From time to time, whites were involved in the slave resistance. As early as 1663, indentured white servants and black slaves in Gloucester County, Virginia, formed a conspiracy to rebel and gain their freedom. The plot was betrayed, and ended with executions.
In New York in 1741, there were ten thousand whites in the city and two thousand black slaves. It had been a hard winter and the poor—slave and free—had suffered greatly. When mysterious fires broke out, blacks and whites were accused of conspiring together. Mass hysteria developed against the accused. After a trial full of lurid accusations by informers, and forced confessions, two white men and two white women were executed, eighteen slaves were hanged, and thirteen slaves were burned alive.
Only one fear was greater than the fear of black rebellion in the new American colonies. That was the fear that discontented whites would join black slaves to overthrow the existing order. In the early years of slavery, especially, before racism as a way of thinking was firmly ingrained, while white indentured servants were often treated as badly as black slaves, there was a possibility of cooperation.
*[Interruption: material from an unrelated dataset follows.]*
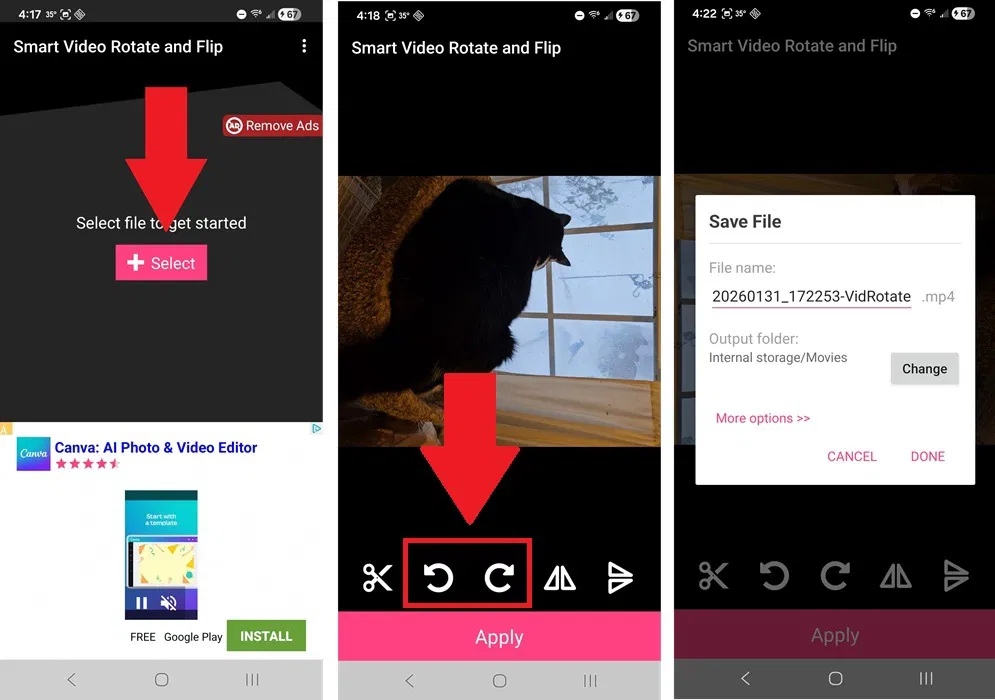Utilisation de Smart Video Rotate and Flip pour faire pivoter la vidéo sur Android.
And so, measures were taken. About the same time that slave codes, involving discipline and punishment, were passed by the Virginia Assembly, Edmund Morgan writes:
Virginia’s ruling class, having proclaimed that all white men were superior to black, went on to offer their social (but white) inferiors a number of benefits previously denied them. In 1705 a law was passed requiring masters to provide white servants whose indenture time was up with ten bushels of corn, thirty shillings, and a gun, while women servants were to get 15 bushels of corn and forty shillings. Also, the newly freed servants were to get 50 acres of land.
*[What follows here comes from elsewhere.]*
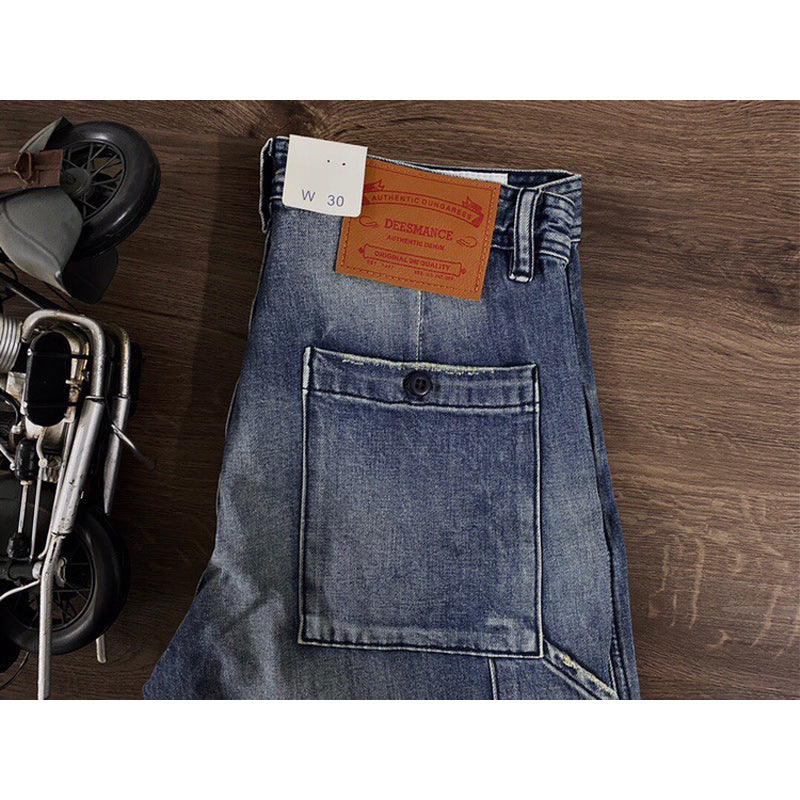 Whiskered and washed patch pocket denim pants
Morgan concludes: “Once the small planter felt less exploited by taxation and began to prosper a little, he became less turbulent, less dangerous, more respectable. He could begin to see his big neighbor not as an extortionist but as a powerful protector of their common interests.”
We see now a complex web of historical threads to ensnare blacks for slavery in America: the desperation of starving settlers, the special helplessness of the displaced African, the powerful incentive of profit for slave trader and planter, the temptation of superior status for poor whites, the elaborate controls against escape and rebellion, the legal and social punishment of black and white collaboration.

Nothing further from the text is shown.